Download a pdf of this paper. (with full figures and references)

The Press, Market Ideologies and the Irish Housing Crash

Henry Silke


There is a growing symbiotic relationship between business, communication networks and the mass media. Business depends on communication networks and the mass media in numerous ways; in the actual conduct of business, in the need for market information, for advertising and market creation, and as ideological apparatuses which acts to naturalise market economies and defend business interests. Such trends have been exacerbated in the media industry in recent decades as media has been increasingly consolidated into massive transnational corporations with interests far wider than journalism. In fact it is argued that the contemporary mass media, rather than simply reporting on economic issues, have become an integral part of economic processes.

A clear example of this process, and the growing links between business and journalism, is the coverage of housing and the property market in Ireland. The Irish property market suffered one of the greatest crashes in modern history, directly costing the state tens of billions in bank bailouts and hundreds of thousands of mainly working class livelihoods. A key discursive element of housing and property news has been the framing of housing as a commodity rather than a social need, as well as a privileging of market needs over society ones. This was the case in much of the coverage of the housing market by the Irish media in the run up to the housing crash of 2007/2008. This framing, as well as ignoring key social problems such as affordability, included an insidious and dogmatic belief in the primacy of the market that blinded much of the Irish media to the possibility of the crash, thus acting both to encourage and elongate the bubble. There is little evidence that this framing of housing as a commodity rather than a social need has changed as most discourse continues to be around ‘fixing the market’ rather than thinking outside of it.

The Irish Housing Crisis

The roots of Ireland’s economic crisis are long and deep. Ireland after independence remained a dependent economy, concentrating on the export of non-value added commodities and the country’s late industrialisation was centred on the enticement of foreign direct investment into the Irish state, rather than the development of indigenous industry. This type of development emphasised the service economy and the various sections of the property industry which, during the ‘Celtic Tiger’s’ boom years, became one of the key indigenous investment and speculative activities in the state. This had very serious repercussions for many Irish people as buying a property on the private market had become the only way to secure a home for most people. This was due to the near elimination of social housing supply by the state and the Dickensian conditions in the private rental market. The process led to a skewed domestic economy and eventually the development of a massive asset price bubble in property.

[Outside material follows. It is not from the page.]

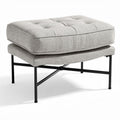 Vierkante poef van polyester in lichtgrijs met metalen frame 70 x 70 x 40cm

By the year 2007, however, even middle class home buyers were being priced out of the housing market. The deregulated banking system filled the gap in the market with innovative ‘products’ such as speculative ‘100%, loans’, ‘interest free mortgages’, and ‘buy to let schemes’. At the same time that consumer demand was dipping, huge amounts of vacant and half-finished properties were coming on stream, often in places with no manifest demand for housing at all. Like all Ponzi schemes (as the Irish property market had begun to resemble) the market was fictitious. Eventually in 2007, property prices began to dip and, following the so called credit crunch, the residential and commercial property markets collapsed entirely. This then uncovered huge holes in banking balance sheets, none more so than the poster boy for Irish ‘entrepreneurship’ and ‘innovation’, Anglo Irish Bank. However, unlike an ordinary Ponzi scheme this crash brought down a whole generation of home buyers, the Irish economy, hundreds of thousands of jobs and the living standards of most of the populace.

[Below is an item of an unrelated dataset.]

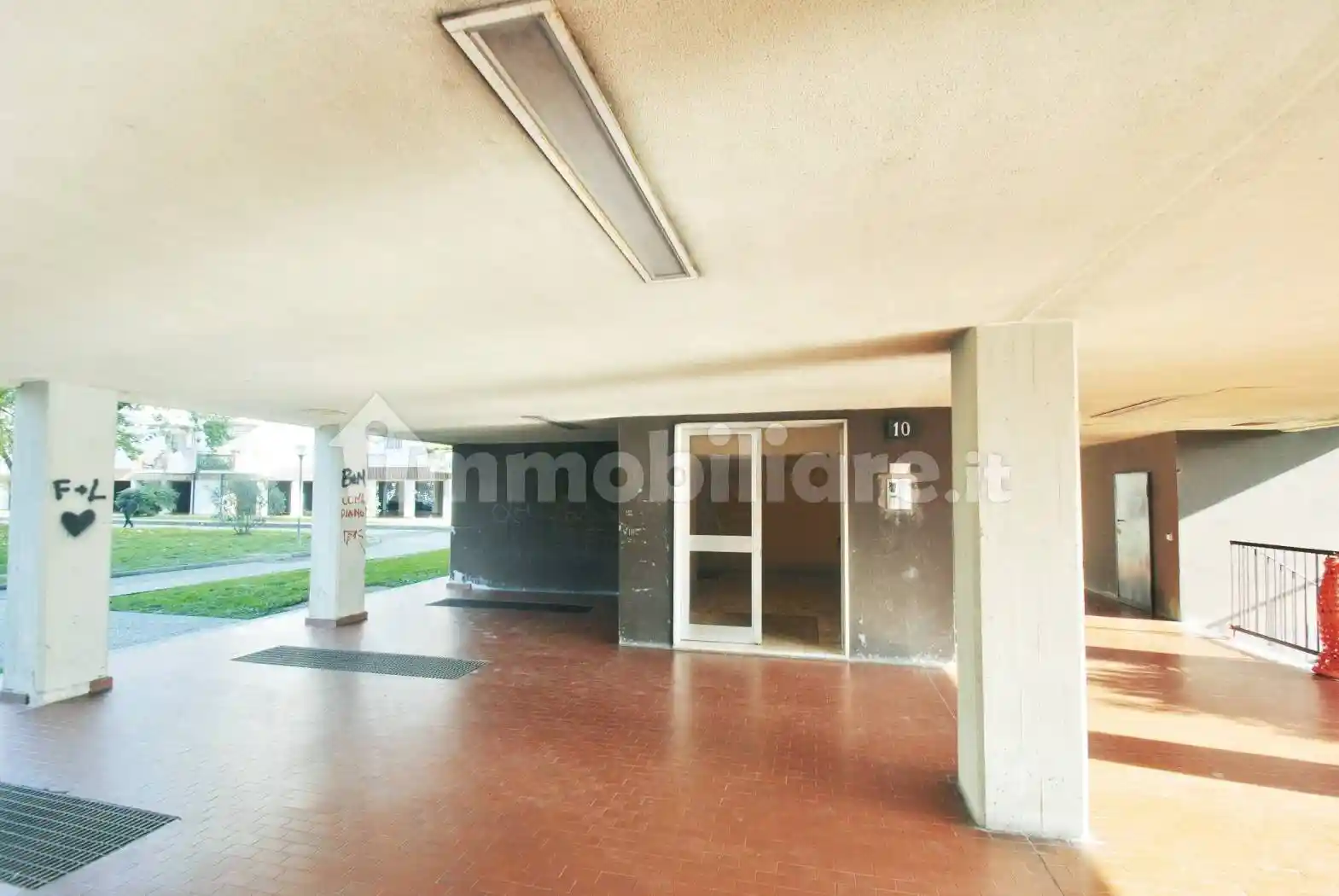 Trilocale via Lucca 10, Bisceglie, Milano - foto 2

The crisis in housing continues now. Thousands of people continue to be unable to pay mortgages, often trapped in negative equity (FinFacts 2013). In the last year a rental crisis has become evident in Dublin due to a lack of both private and public investment following the crisis (Irish Times 2014c). This has seen apartment rentals increasing by 10% on average (Private Rental Tenancy Board 2014), and in some cases rent hikes of up to 40% (Irish Times 2014a). The internet property portal DAFT, in a recent rental report, found a 14% rise in rents in Dublin in a single year; and reported a drop from 18,000 properties to 10,000 properties available to rent (Lyons 2014). Unsurprisingly the city is witnessing an unprecedented wave of evictions of individuals and families who are unable to pay, and we are witnessing what has been termed a ‘tsunami of homelessness’ (Irish Times 2014b, 2014d).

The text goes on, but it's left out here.